Apache Airflow’s CI System#
Continuous Integration (CI) is critical for keeping large software projects healthy. Even a tiny bug fix, a new feature, or a one-line documentation tweak can trigger different levels of integration tests to ensure nothing breaks and the project remains stable.
For example, from last month (Dec 2025) to today (Jan 14, 2026), even during Christmas and New Year’s, Apache Airflow merged 600+ PRs. Every PR triggers CI runs. These runs span from unit tests to system tests, helping catch regressions early.

Within about a month, there were 200,000+ GitHub Actions jobs and nearly three million minutes of test time (roughly 2,000 days). At this scale, even small CI optimizations can significantly reduce total runtime and cost—while giving developers faster feedback.
This post breaks down the architecture behind Airflow’s CI and explains how it achieves:
- Reproducible environments across remote CI and local development
- Highly automated test selection based on PR changes
- Composable CI workflows
- A better developer experience (DX)
Reproducible environments#
To avoid the classic “it works on my machine” problem, Airflow’s CI relies on Docker to standardize test environments. Whether you run tests locally or in GitHub Actions, Airflow uses dedicated Docker images to keep environments consistent and reproducible.
The CI Dockerfile is roughly 2,000 lines long. It’s generated by syncing a set of bash scripts under scripts/docker into the final Dockerfile.ci. This makes it easier to share utilities and modularize dependency installation (OS packages, Python packaging tools, DB clients, third‑party service clients, etc.).

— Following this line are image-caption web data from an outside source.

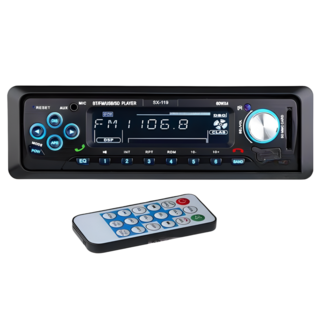 汽車音響主機MP3播放器（藍牙/插卡/收音機/USB）, 1個, JSD-520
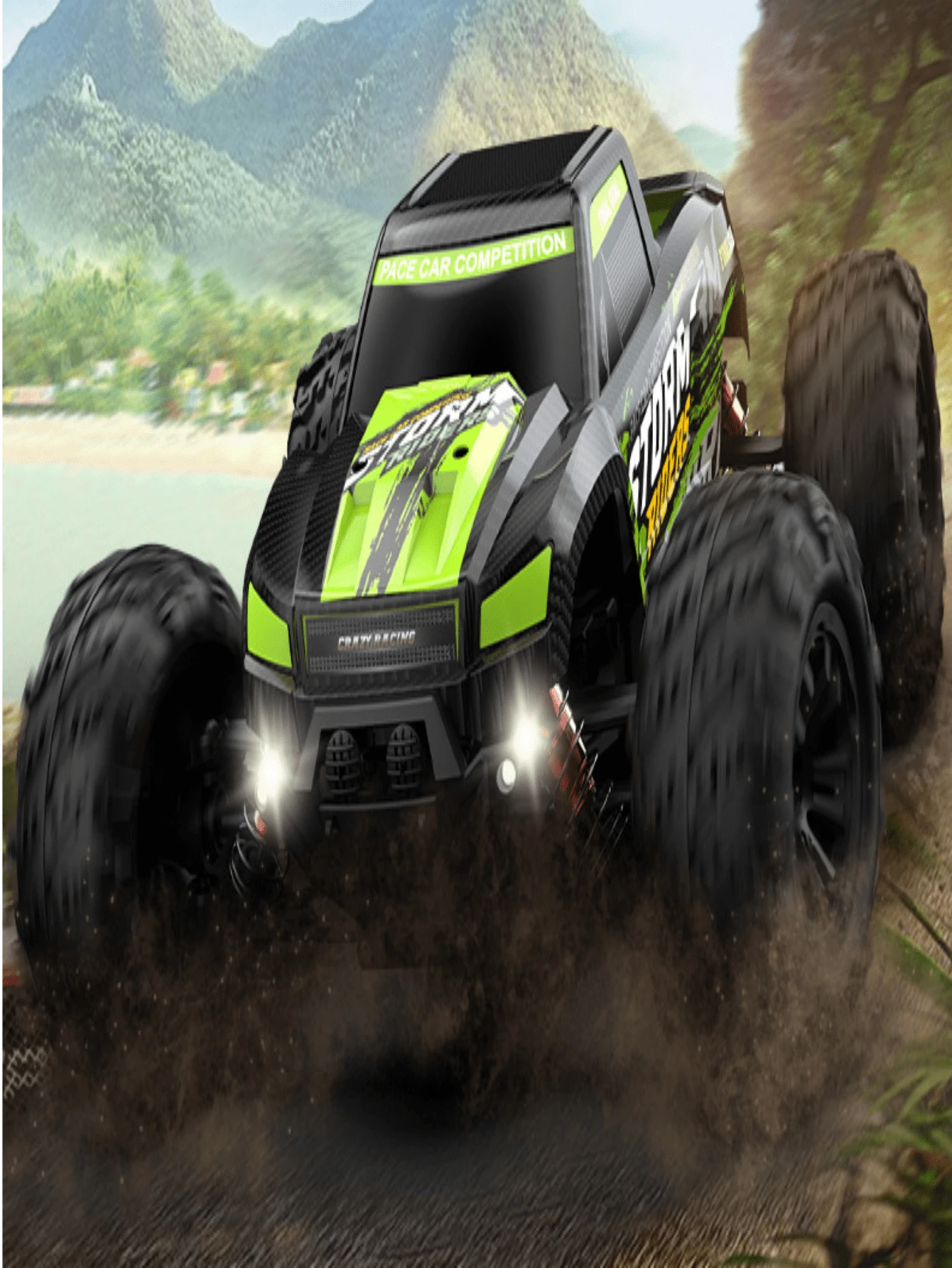 4WD Full Scale Brushless Version Remote Control Pickup Truck High Speed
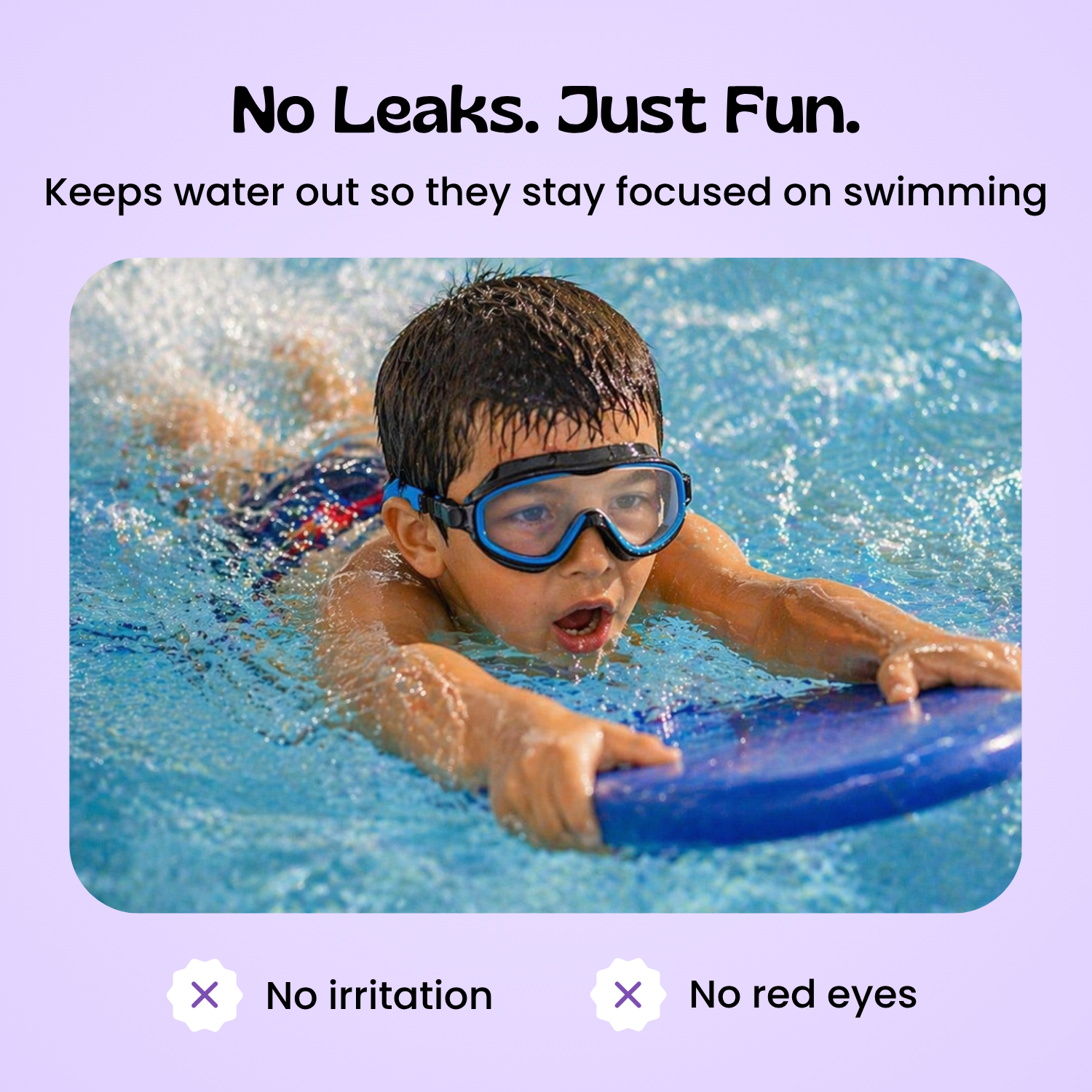 TibaToesβ’ Clip-On Swim Goggles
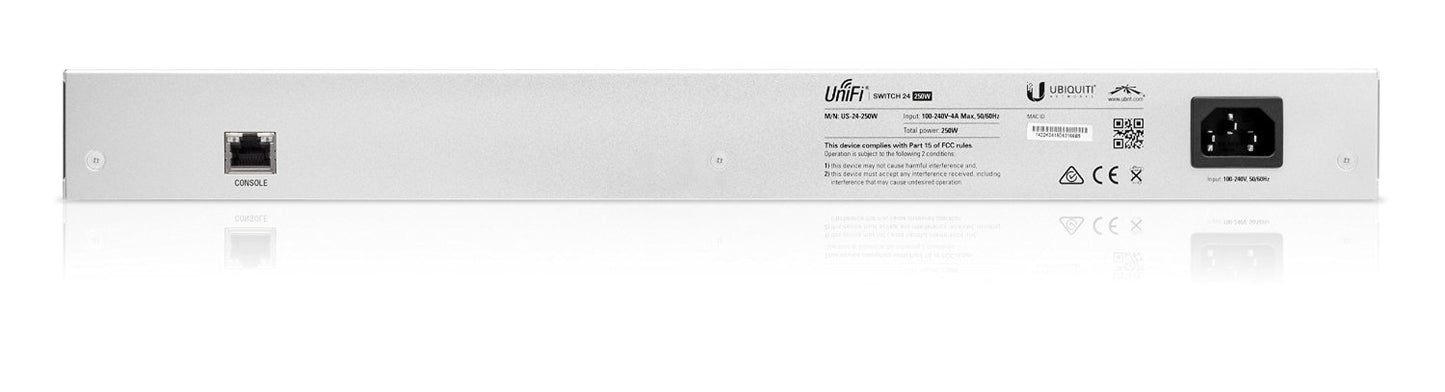 UBIQUITI US-24-250W UniFi Switch-24 Ports Managed, White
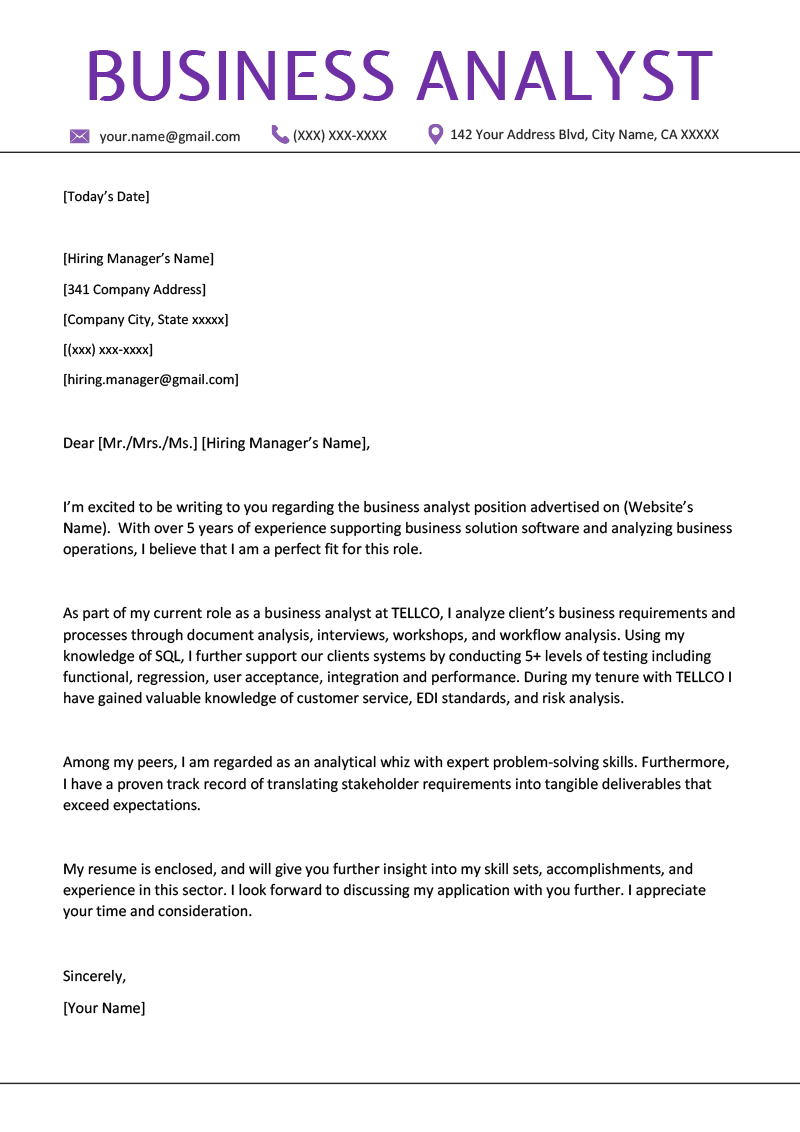 Essential Tips for Crafting a Compelling Business Analyst Resume Cover Letter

Breeze: the backbone of Airflow CI and developer experience#
We could write detailed docs listing a long sequence of commands to set up dependencies and configure a local environment. But if we provide a higher-level, well-encapsulated CLI tool, developers can set everything up with one command.
That doesn’t just improve DX. It also reduces:
- the burden of maintaining multiple setup documents
- the risk that local setup steps drift away from the real CI environment

Breeze is Airflow’s CLI specifically designed for contributors. It provides a unified interface to manage development and test environments. With Breeze, contributors can emulate CI locally, bring up Airflow quickly, and run a wide range of tests and checks.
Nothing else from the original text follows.